FLORENCE, Italy — My husband and I were looking forward to our first visit to Florence, but there was just one catch — and it was a big one.
The dozen or so politely worded faxes we sent in search of an affordable hotel room resulted in as many apologetic "no vacancy" responses. And with only weeks to go before our departure, we were getting desperate.
With time running out, our last-minute solution to the problem was to try staying in a convent. That decision opened a whole new world for us, for which we will always be grateful.
A helpful colleague, who speaks Italian and once lived in Italy, recommended a convent of the Ursuline Sisters, which is in a beautiful 15th-century villa called Villa I Cancelli in the hills on the edge of Florence. It would cost about $50 a night for two, including some meals. Despite some initial worries about language and double-beds and not being in the city center, we jumped at the chance.
My colleague made the reservation for us over the phone in Italian, although we probably could have done it ourselves with help from a phrase book, and we secured it by sending a small deposit in the form of a personal check, which they returned to us after we'd paid our bill.
The nun at the other end of the line giggled when my friend assured them that my husband and I were married. "It's not important.
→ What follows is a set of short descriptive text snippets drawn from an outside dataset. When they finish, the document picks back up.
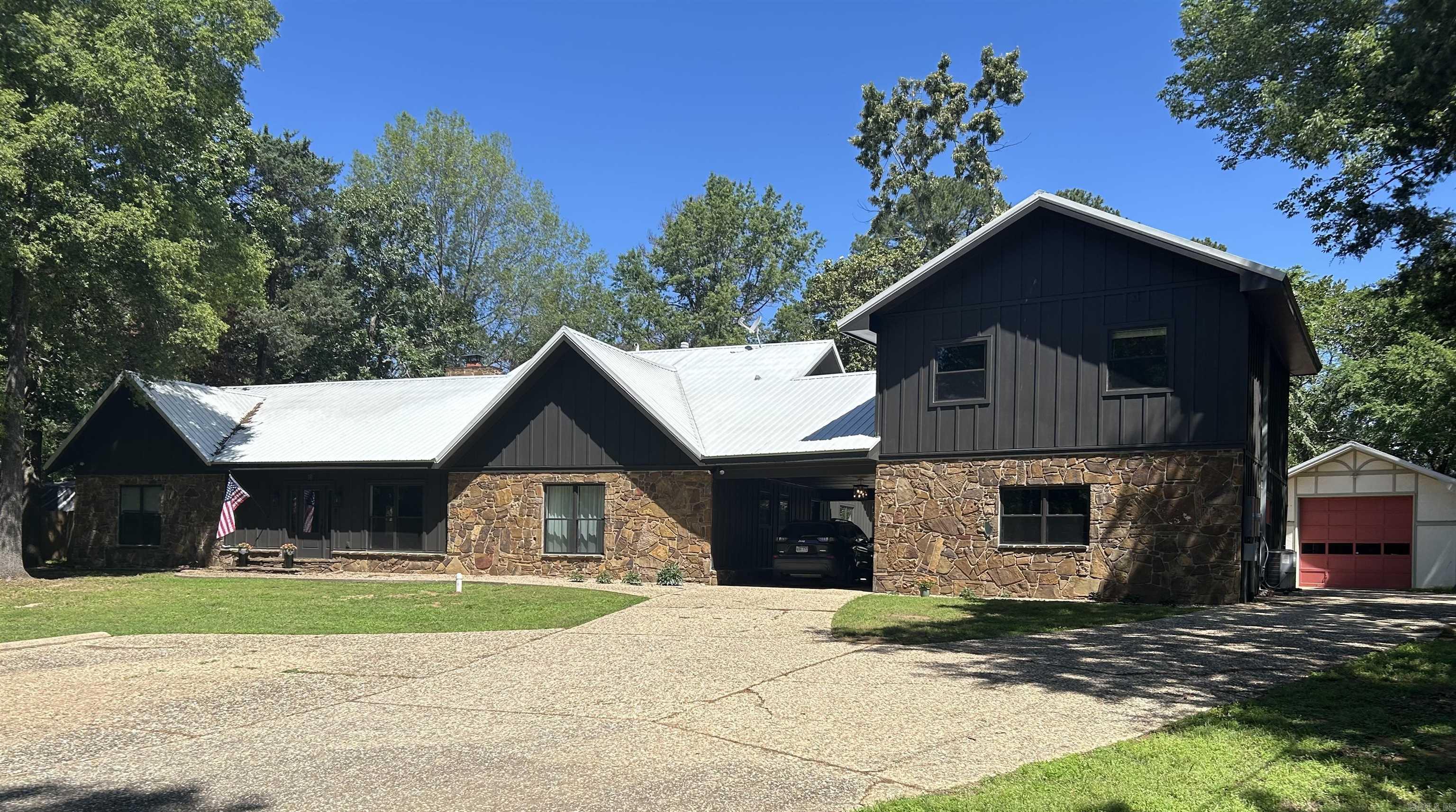 Country Living in the Heart of Conway — 2.5 Acres with Endless Potential! Enjoy the peace of country life in the heart of Conway on this spacious 2.5 acre property. The 3,080 sq ft main home is full of charm and character, featuring a stunning floor-to-ceiling stone wood-burning fireplace, a cozy pit-style living room, and a unique indoor planter that brings the outdoors in. With 3 bedrooms, an office, bonus area, and 3 bathrooms (2 with preserved vintage flair, 1 ready for your personal touch), there’s room for everyone to make it their own. Recent upgrades include beautiful new Hardie board siding, soffit, fascia, Marvin windows flooding the home with natural light, new exterior doors, and updated lighting throughout. The metal roof and energy-efficient improvements make the home cost-effective year-round. All new electrical panels (2023), including an RV hookup, plus city sewer and privacy fencing added in 2024. Attached via the carport is an additional 1,418 sq ft living space with 2 bedrooms, 1 bath upstairs, laundry hookup, and a large open-concept area below — perfect for a gym, or game room. Outside, enjoy mature trees, gardening space, an 800 sq ft shop with high ceilings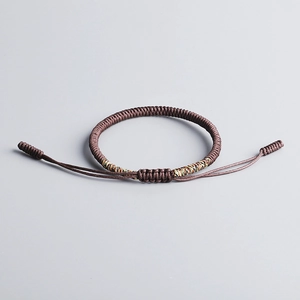 Macro shot of handcrafted brown woven knot bracelet with colorful closure details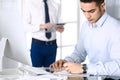 Businessman working with computer in modern office, male colleague at background . Headshot of arab male entrepreneur or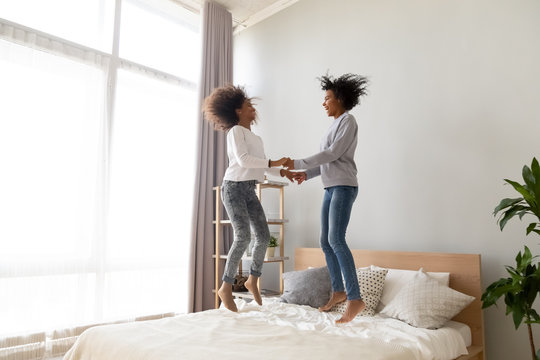 Happy African Mom And Cute Teen Daughter Jumping On Bed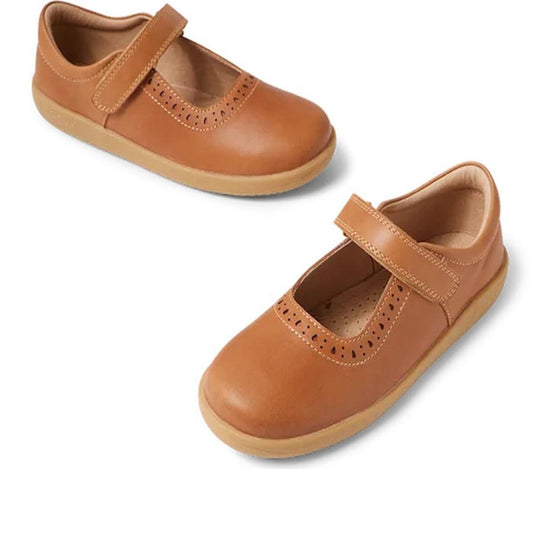 Bobux Kid+ Lola Girls Mary Jane Leather Shoes in Caramel Tan (852801) feature Velcro straps and decorative brogue perforations, shown on a white background.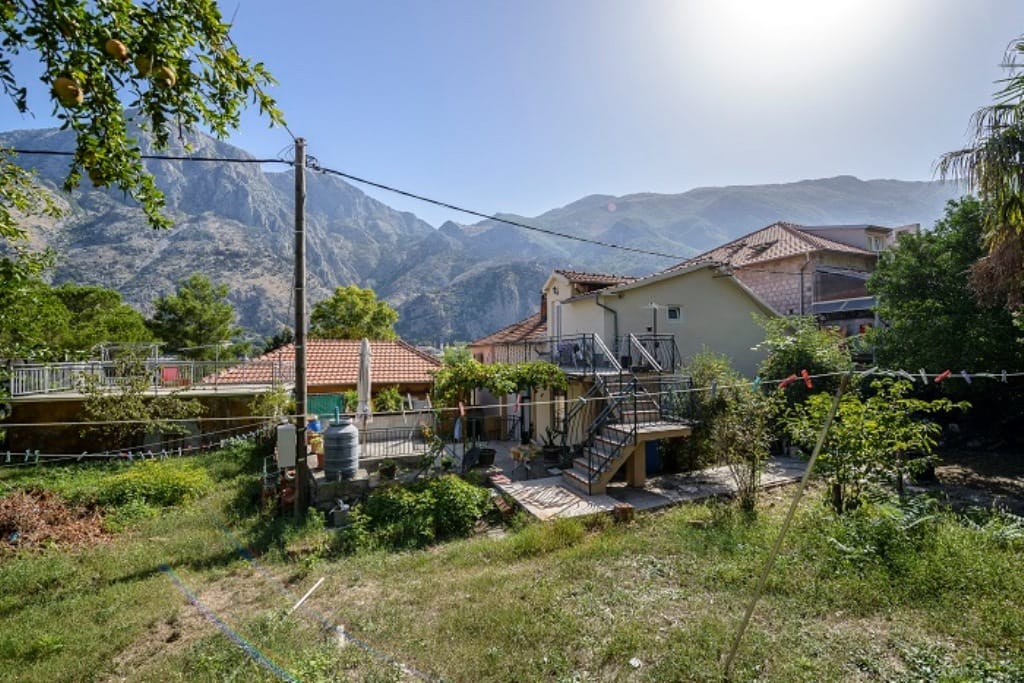 Two-story house in Muo, Montenegro, with a terrace, garden, and scenic mountain views on a sunny day.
We take all kinds of guests," the amused nun explained in Italian.
Staying in the convent turned out to be one of the most magical experiences of our trip, and although the nuns spoke no English, a dictionary and a ready smile worked just fine. An enthusiastic "Buon giorno" — meaning "good day" — was easy enough to muster, and I wrote a little "cheat sheet" for myself with key phrases culled from the back of my tour book.
After enjoying a golden sunset on a large tiled terrace which looked out onto the little winding roads and tile-roofed villas typical of the Tuscan countryside, the nuns served us a homey meal of salad, pasta, roast chicken and plenty of red wine and bottled water.
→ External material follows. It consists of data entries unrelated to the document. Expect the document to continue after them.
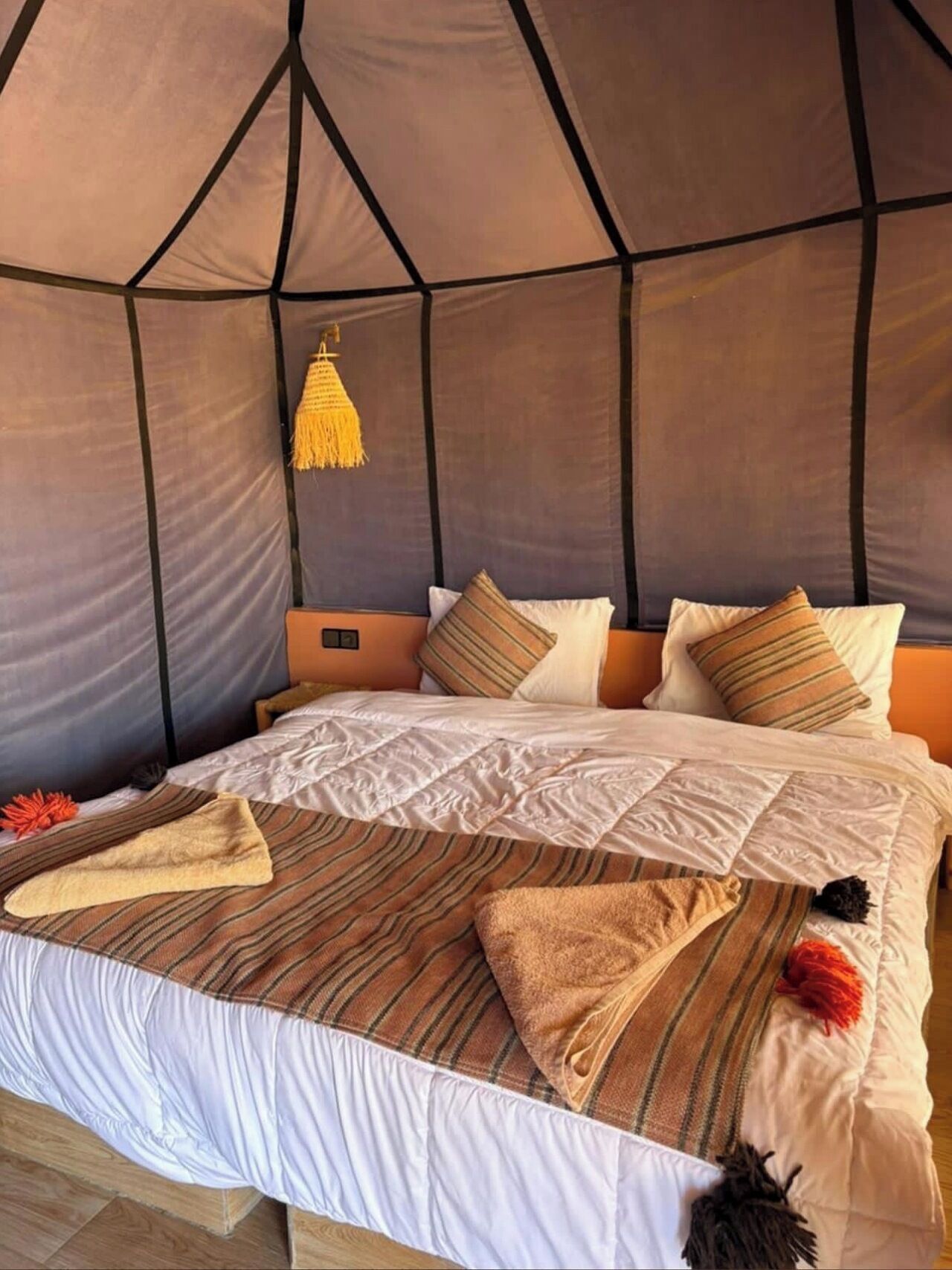 A bed with a striped blanket, pillows, and a hanging lamp in a tent-like room.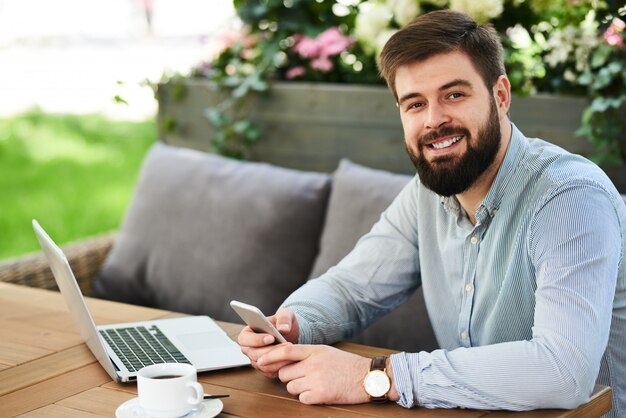 Uomo d'affari sorridente che lavora in caffè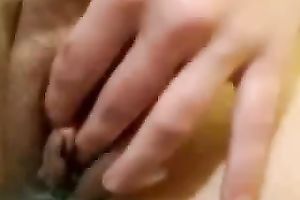 Redhead hussy shows her vagina for the web camera and stuffs it with something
We ate in the villa's ancient dining room, with its dark-stained wood and towering doorways, with a handful of other guests, mainly French and Italians, and shared a table with two friendly Milanese ladies — both of whom spoke a little English. One of them spoke fluent French and the other, much to the surprise of my Japanese husband, even spoke some Japanese!
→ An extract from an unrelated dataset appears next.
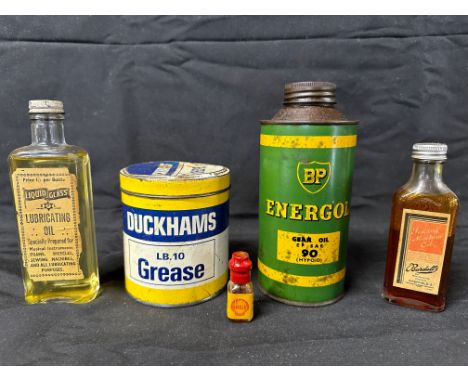A collection of lubricating oil bottles/tins inc. Duckham's, BP, Shell etc.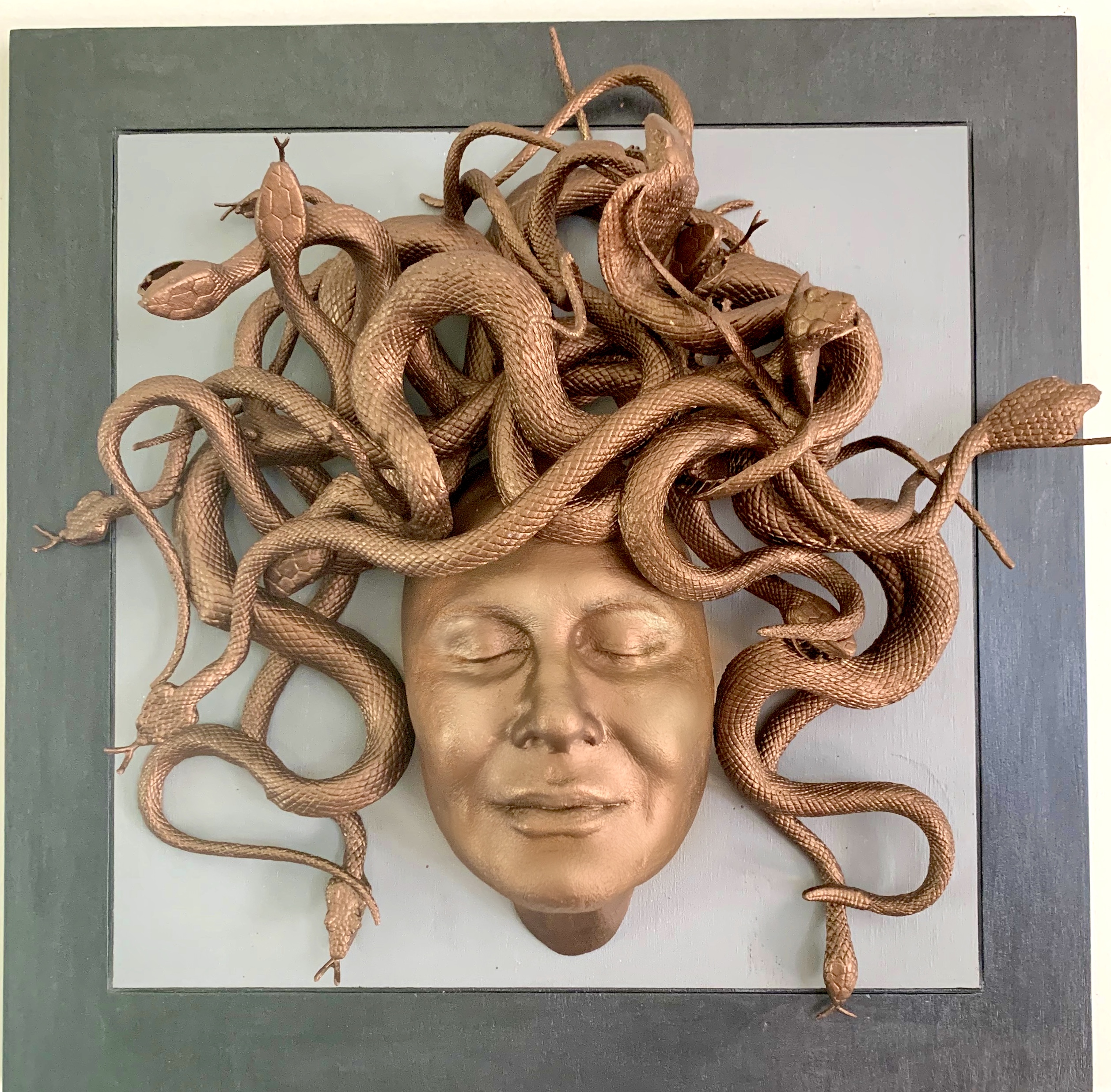 Sculpture of face with snakes for hair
The convent's garden, with its olive and lemon trees, flower garden and chirping birds, was lovely and serene. Although the convent was not in the city center, the $9 taxi ride from the main train station took only 5 minutes and the bus ride, which cost less than $1, took about 30 minutes or so and gave us a welcome glimpse of ordinary life in Florence.
The room, with a private bathroom and shower, was immaculate if spartan and offered a view of the garden and the hills sloping down to Florence itself. Although the convent had no double beds, we didn't mind pushing the two single beds together. And we were careful to separate them again each morning before we left to go sightseeing, carefully making sure each was directly under its appointed crucifix.
We spent our days visiting the sights of Florence.
Everywhere we went there were mobs of tourists.
Amid the jostling crowds of tourists in the city center, and the endless whine of careening motorbikes and incessant honking car horns, we felt privileged to return each night to our serene home away from home, which dated to the same period of much of the art we'd come to see.
Two new books on the subject, "Lodging in Italy's Monasteries," by Eileen Barish (Anacapa Press), and "Bed and Blessings: Italy," by June and Anne Walsh (Paulist Press), make finding convents and monasteries — and securing reservations in Italian — easy, even for those who speak no Italian.
Italy seems to have more convents and monasteries that accept guests than all of Europe combined, so it's a natural — and surprisingly often overlooked — alternative for tourists willing to veer off the beaten track.